Input material START

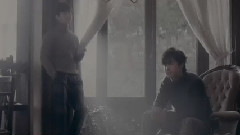 东方神起 - Chandelier
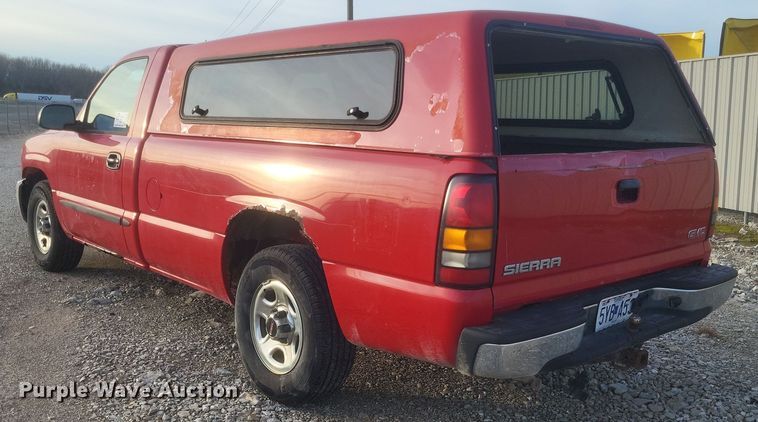 image for item DS5215 2004 GMC Sierra pickup truck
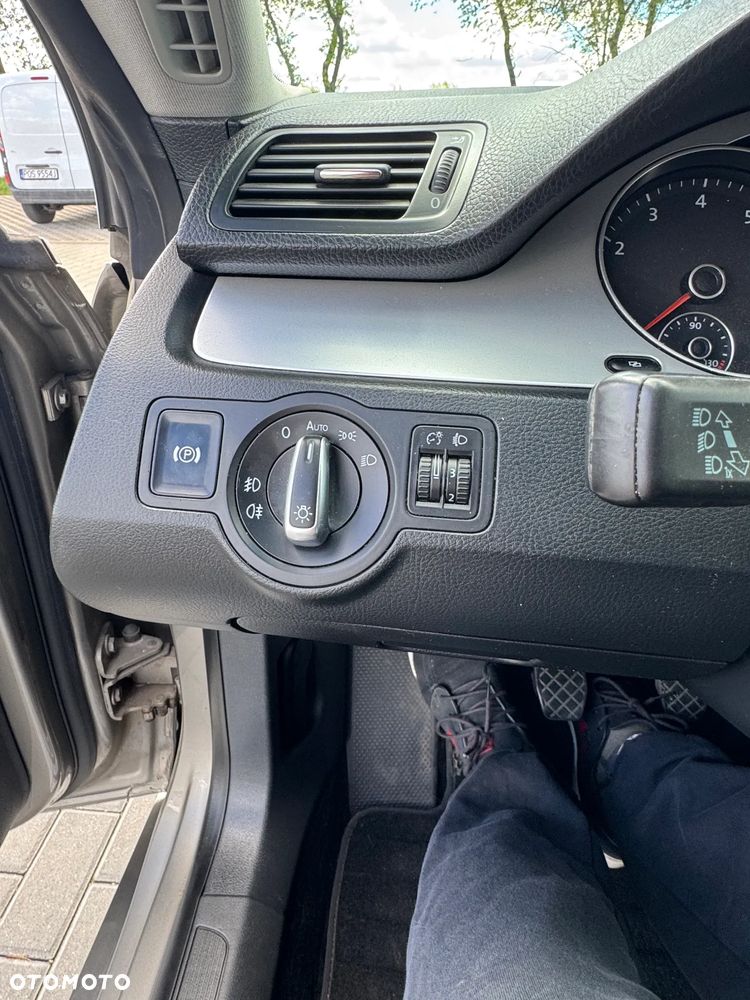 Volkswagen Passat CC - 21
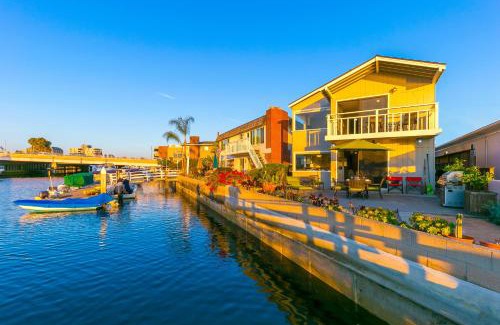 West Newport Casa | Newport Bay Front Vacation Home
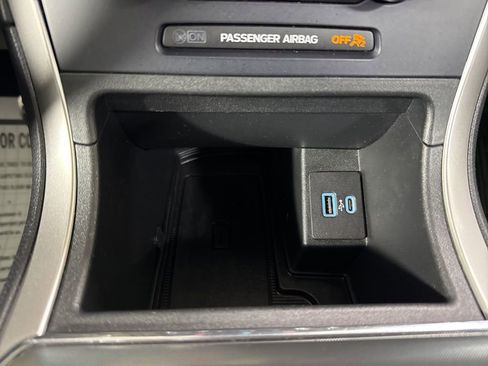 Used 2023 Ford Edge ST-Line AWD/4WD image 29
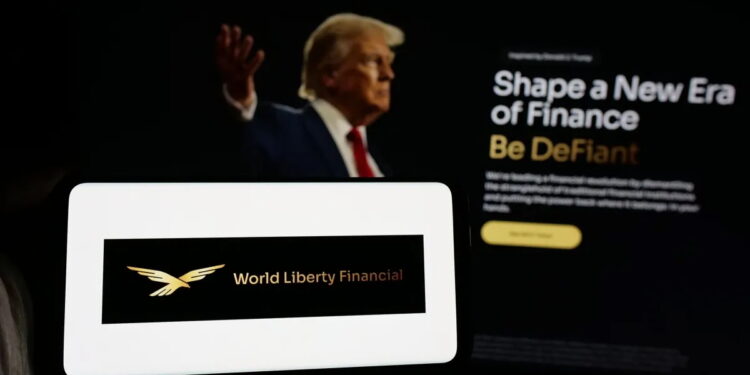 川普 DeFi 项目遭骇客、空头狙击！稳定币 USD1 一度下探 0.9942 美元缩略图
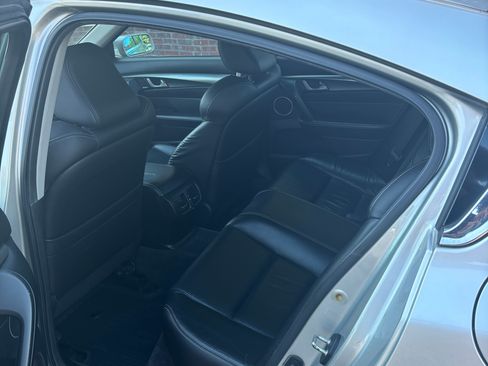 Used 2011 Acura TL SH-AWD image 8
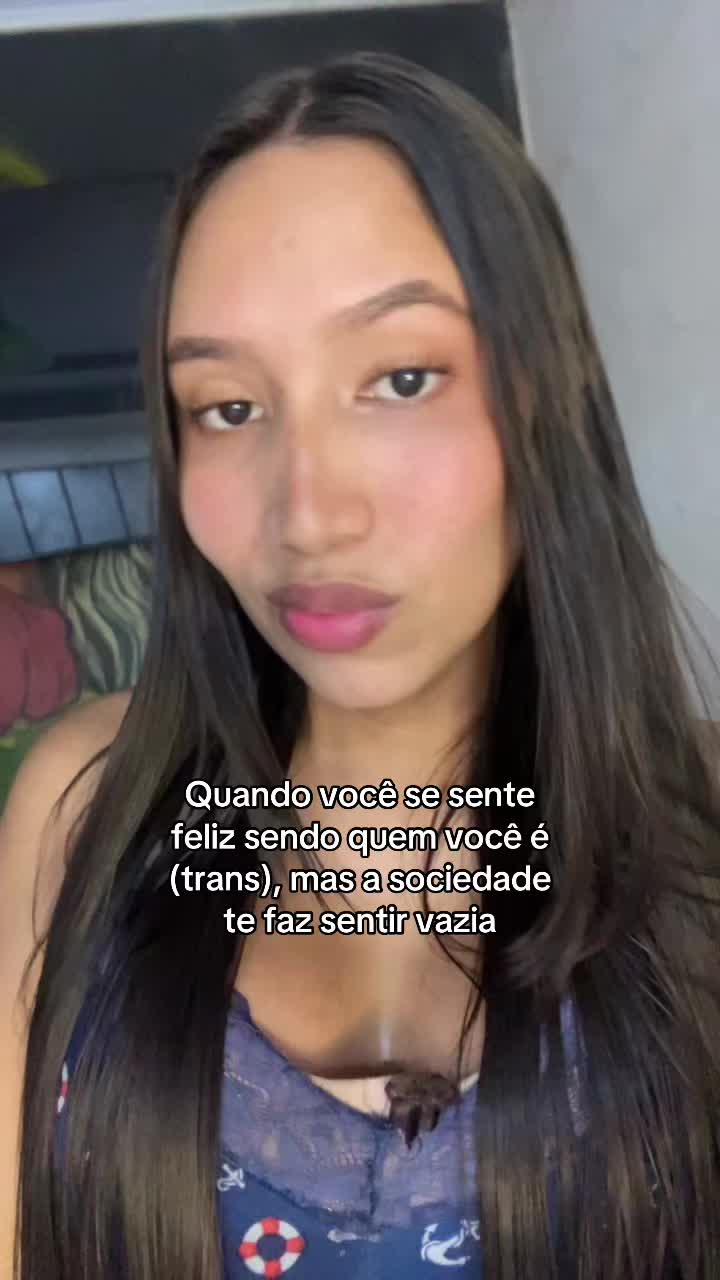 @the.elisaaa
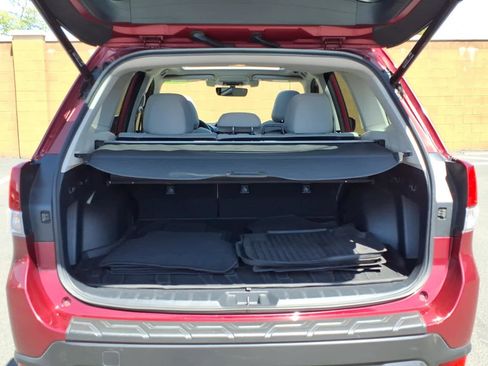 Used 2020 Subaru Forester Premium AWD/4WD image 17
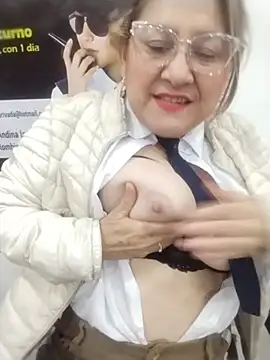 JULIETA_21- – Naživo XXX chat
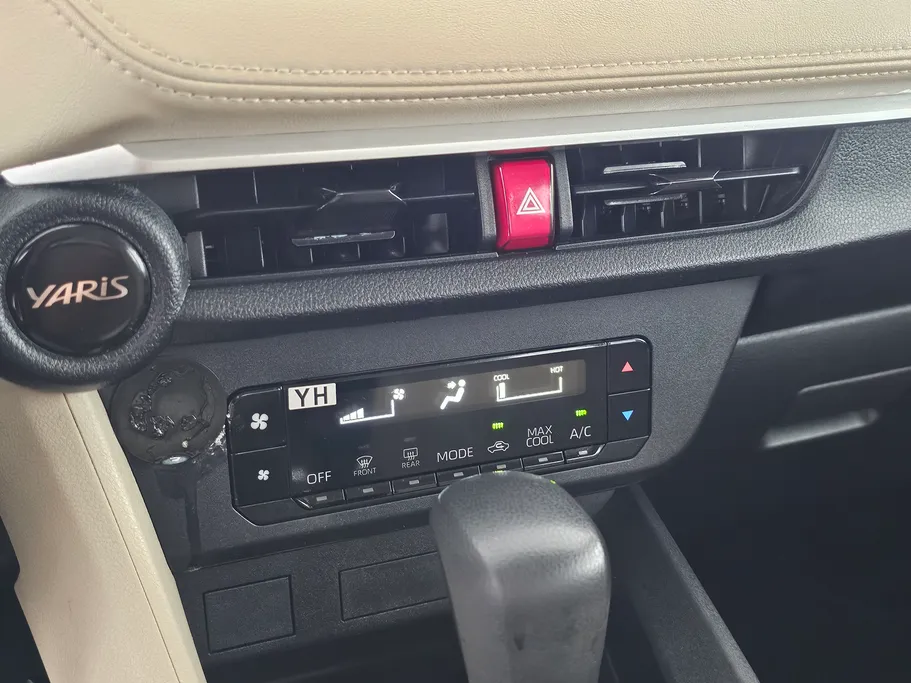 2024 Toyota Yaris  Y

Input material END

> [Exercise goal]:
Write out every record above exactly, leaving no picture in the result.

> [Response area]:
 东方神起 - Chandelier
 image for item DS5215 2004 GMC Sierra pickup truck
 Volkswagen Passat CC - 21
 West Newport Casa | Newport Bay Front Vacation Home
 Used 2023 Ford Edge ST-Line AWD/4WD image 29
 川普 DeFi 项目遭骇客、空头狙击！稳定币 USD1 一度下探 0.9942 美元缩略图
 Used 2011 Acura TL SH-AWD image 8
 @the.elisaaa
 Used 2020 Subaru Forester Premium AWD/4WD image 17
 JULIETA_21- – Naživo XXX chat
 2024 Toyota Yaris  Y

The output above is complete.